I had set out at about 10:15 the previous morning with my adventure bestie Lisa. Ras had first helped me haul out Gossamer Gear packs loaded with supplies to the warming hut. A group of local skiers, including the original founders of the park, had recently refurbished the hut. I’d had my eye on spending the night in there ever since I had seen that it was now enclosed with a roof, wood stove, wood floor, picnic table, and lots of dry firewood. In addition, I had a goal of skiing an ultra-distance ski in one push while I was spending the winter housesitting in the Okanogan Highlands, a place Ras, our daughter Angela, and I had called home for 12 years. I wanted the ultra-ski (skiing a distance greater than that of a marathon, such as in the sport of trail ultrarunning in which I participate) to be on groomed trails so that I could get through the challenge within a decent time frame. Using the hut as a resupply, warm-up, and napping spot, I felt like I could go after 100 miles in Highlands Sno-Park in one go. I invited Lisa to join me, as we have done a bunch of fun and awesome adventures together, both on skis and trail running. We make a good team and are compatible. She messaged me back that she loved the idea. I was stoked she was going to join me. I had decided I would do it solo, if she hadn’t been interested or the timing hadn’t worked for her.
The winter was coming to an end and I felt like there was no better time than now to go after this ski challenge.

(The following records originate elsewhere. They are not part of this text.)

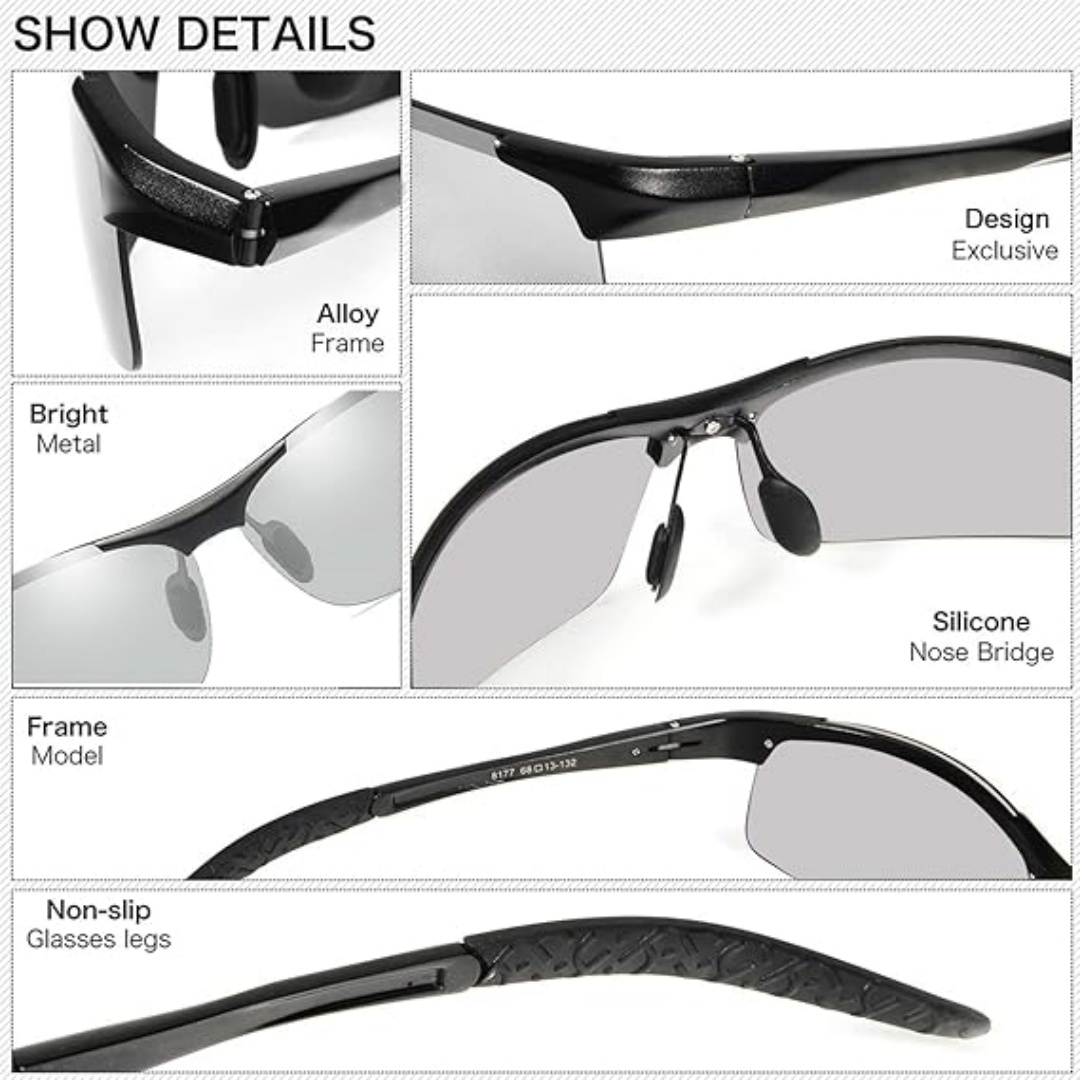 1 pcs Polarized Sunglasses Men - Fishing Sunglasses Polarized recensie en prijs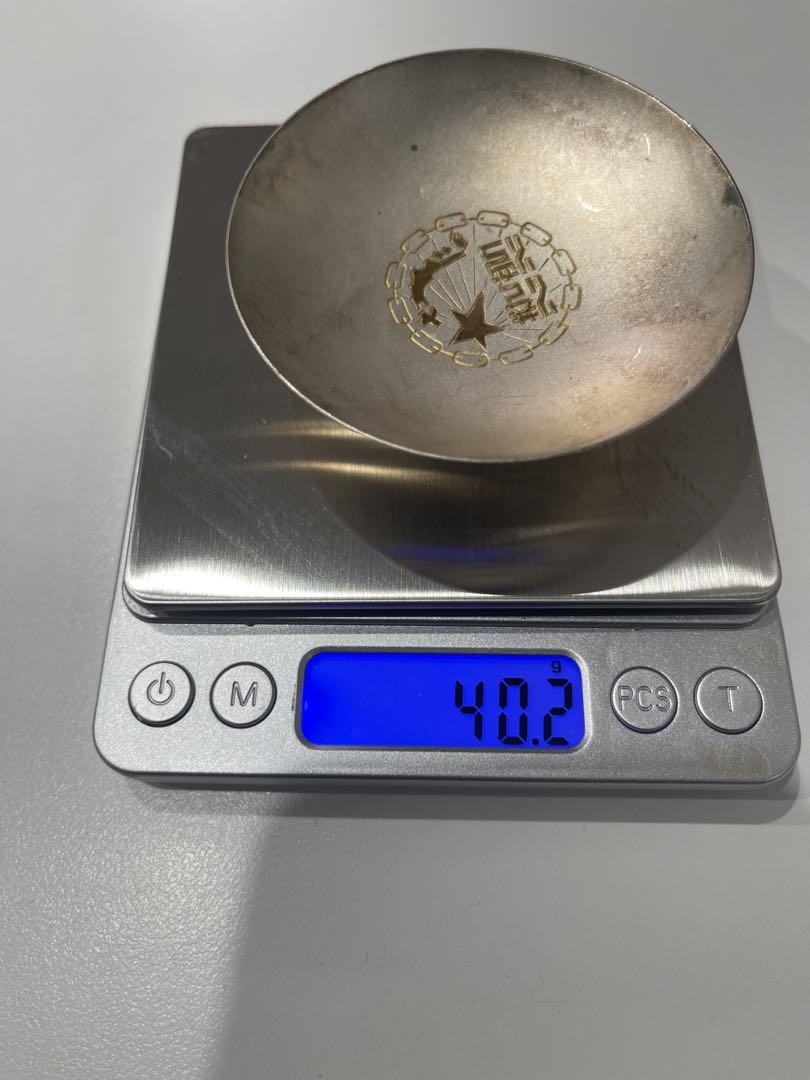 銀杯　純銀杯　2個セット 合計288.42g 銀杯 純銀杯 2個セット 合計288.42g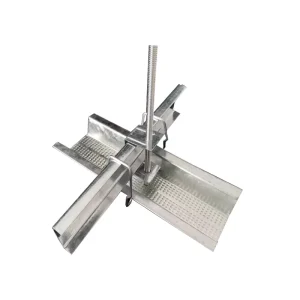 Profile Galvanized Steel Metal C Channel Steel Frame Main Channel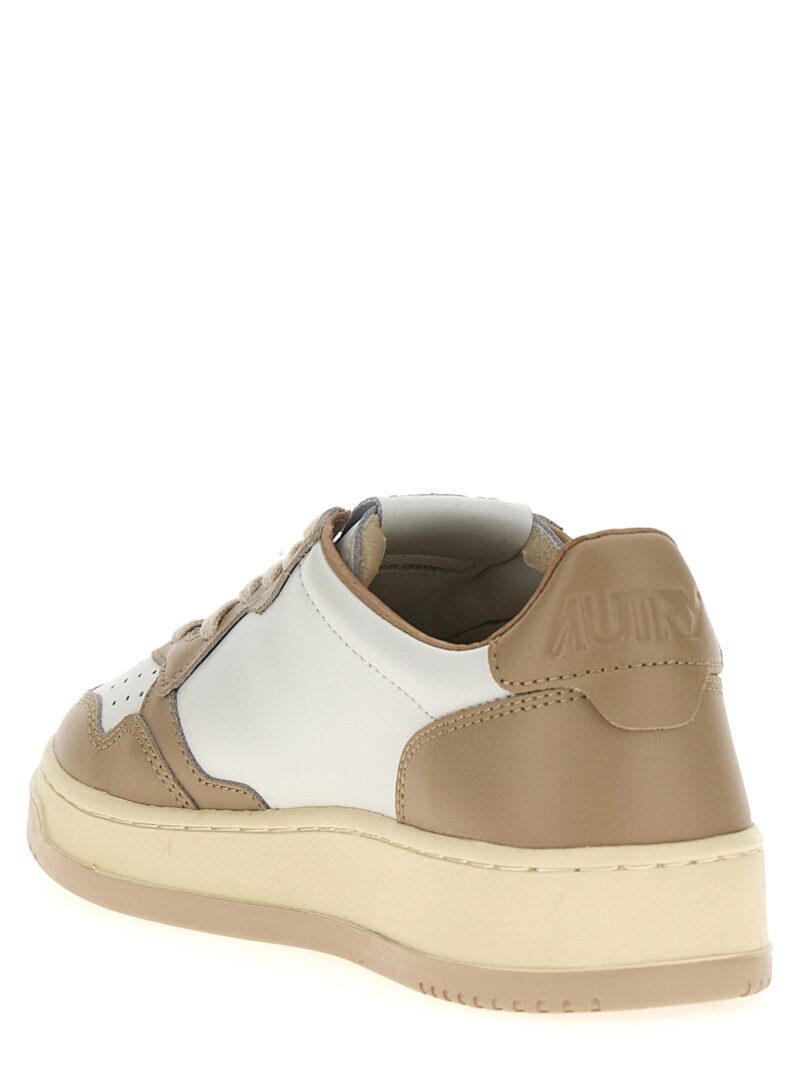 'Medalist Low' sneakers Woman AUTRY Beige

I had been skiing a lot this winter, both on groomed trails and backcountry skiing. Almost as soon as I put the idea together, I was at Highlands Sno-Park and getting going with the Highlands Hut Hundred Mile Ski. Lisa and I started Tuesday morning, the 6th of March, and the forecast called for wet snow conditions, and possible rain, by Thursday. In addition, as we were skiing along on our first afternoon, I found out from Lisa that her husband, Jason, had a special birthday celebration planned for her on Thursday, and that she would need to be back at her house by 7:30 that morning. This was making Thursday look like a good goal to be completed with the hundred.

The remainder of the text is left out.